EXERCISE INSTRUCTIONS –
Write out exactly the lines from the first line of the records below through the line that contains "Renault Captur 1.6", and stop there.

------

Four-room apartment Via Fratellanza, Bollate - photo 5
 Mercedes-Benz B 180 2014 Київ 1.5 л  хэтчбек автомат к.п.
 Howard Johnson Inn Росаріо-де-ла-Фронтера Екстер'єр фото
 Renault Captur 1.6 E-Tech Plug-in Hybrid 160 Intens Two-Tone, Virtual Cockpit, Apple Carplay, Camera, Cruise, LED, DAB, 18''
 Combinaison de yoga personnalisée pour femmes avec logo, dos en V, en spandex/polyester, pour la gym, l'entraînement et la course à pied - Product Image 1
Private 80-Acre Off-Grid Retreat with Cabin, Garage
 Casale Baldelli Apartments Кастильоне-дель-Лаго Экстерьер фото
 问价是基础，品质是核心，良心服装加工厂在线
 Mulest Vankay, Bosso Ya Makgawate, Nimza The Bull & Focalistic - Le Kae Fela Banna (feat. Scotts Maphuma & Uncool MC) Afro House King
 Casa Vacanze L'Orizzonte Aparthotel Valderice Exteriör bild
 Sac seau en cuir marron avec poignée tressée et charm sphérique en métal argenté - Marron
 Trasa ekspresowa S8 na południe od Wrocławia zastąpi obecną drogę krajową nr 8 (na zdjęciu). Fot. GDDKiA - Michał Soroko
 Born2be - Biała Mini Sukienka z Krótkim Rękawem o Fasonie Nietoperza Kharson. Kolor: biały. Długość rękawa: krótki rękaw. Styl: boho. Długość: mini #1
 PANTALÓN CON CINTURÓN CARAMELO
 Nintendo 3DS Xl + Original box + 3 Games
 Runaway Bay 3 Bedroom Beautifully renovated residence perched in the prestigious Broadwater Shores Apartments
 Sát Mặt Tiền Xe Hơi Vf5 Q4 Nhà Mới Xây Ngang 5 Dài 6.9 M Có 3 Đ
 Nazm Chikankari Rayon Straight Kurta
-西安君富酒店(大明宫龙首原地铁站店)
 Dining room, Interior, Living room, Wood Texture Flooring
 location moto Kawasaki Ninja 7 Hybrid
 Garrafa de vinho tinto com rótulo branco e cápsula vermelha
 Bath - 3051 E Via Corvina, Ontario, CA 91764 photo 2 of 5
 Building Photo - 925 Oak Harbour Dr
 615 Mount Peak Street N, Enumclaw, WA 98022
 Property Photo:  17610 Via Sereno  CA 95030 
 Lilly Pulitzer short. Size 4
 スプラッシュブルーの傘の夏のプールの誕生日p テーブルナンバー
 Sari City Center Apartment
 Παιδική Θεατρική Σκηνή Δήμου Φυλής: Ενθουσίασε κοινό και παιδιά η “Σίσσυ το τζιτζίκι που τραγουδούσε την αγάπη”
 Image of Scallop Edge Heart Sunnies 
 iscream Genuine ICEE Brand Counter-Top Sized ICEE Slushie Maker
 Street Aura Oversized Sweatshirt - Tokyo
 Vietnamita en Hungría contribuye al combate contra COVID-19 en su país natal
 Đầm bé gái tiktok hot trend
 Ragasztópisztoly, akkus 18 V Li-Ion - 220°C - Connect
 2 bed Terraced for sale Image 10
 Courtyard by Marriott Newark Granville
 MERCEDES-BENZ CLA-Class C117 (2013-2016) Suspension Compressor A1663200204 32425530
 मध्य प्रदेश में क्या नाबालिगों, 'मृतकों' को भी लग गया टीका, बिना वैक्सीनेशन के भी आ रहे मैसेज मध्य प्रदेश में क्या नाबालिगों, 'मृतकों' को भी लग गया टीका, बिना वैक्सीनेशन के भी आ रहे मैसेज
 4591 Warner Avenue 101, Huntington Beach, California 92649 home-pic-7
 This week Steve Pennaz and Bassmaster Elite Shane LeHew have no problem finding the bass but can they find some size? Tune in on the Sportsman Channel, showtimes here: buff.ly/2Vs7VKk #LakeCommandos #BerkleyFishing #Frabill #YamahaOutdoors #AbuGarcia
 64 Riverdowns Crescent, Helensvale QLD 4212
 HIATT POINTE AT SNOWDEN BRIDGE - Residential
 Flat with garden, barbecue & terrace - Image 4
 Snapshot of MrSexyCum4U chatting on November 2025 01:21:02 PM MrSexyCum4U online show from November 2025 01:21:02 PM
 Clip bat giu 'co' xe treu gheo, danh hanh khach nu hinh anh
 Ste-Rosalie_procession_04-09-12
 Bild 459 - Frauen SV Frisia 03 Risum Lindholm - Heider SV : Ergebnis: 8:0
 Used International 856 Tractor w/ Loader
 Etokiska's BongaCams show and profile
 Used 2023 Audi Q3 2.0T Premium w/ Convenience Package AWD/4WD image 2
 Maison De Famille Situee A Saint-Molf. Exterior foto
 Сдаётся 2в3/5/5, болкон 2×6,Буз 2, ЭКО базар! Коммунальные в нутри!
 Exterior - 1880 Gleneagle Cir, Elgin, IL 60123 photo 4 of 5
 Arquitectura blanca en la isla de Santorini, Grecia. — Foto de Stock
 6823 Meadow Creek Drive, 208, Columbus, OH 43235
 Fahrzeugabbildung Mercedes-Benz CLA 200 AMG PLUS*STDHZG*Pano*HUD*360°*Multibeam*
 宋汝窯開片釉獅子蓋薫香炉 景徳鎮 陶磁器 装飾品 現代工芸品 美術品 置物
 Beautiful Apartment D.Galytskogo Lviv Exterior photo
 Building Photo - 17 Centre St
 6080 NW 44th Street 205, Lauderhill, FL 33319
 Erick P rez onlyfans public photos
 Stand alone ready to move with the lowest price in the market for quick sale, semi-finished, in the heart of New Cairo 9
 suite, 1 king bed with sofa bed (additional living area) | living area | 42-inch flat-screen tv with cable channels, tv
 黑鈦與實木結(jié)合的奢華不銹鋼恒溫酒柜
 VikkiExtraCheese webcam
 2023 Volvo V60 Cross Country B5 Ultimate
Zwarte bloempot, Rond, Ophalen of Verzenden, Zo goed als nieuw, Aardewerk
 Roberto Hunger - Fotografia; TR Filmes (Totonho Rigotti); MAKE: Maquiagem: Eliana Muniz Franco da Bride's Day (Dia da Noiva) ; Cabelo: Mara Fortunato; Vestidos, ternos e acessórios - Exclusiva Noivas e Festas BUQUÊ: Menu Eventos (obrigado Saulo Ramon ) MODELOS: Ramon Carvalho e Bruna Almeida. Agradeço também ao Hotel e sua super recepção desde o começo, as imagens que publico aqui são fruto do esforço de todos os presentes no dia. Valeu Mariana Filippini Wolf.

------

RESULT OF THE EXERCISE –
Four-room apartment Via Fratellanza, Bollate - photo 5
 Mercedes-Benz B 180 2014 Київ 1.5 л  хэтчбек автомат к.п.
 Howard Johnson Inn Росаріо-де-ла-Фронтера Екстер'єр фото
 Renault Captur 1.6 E-Tech Plug-in Hybrid 160 Intens Two-Tone, Virtual Cockpit, Apple Carplay, Camera, Cruise, LED, DAB, 18''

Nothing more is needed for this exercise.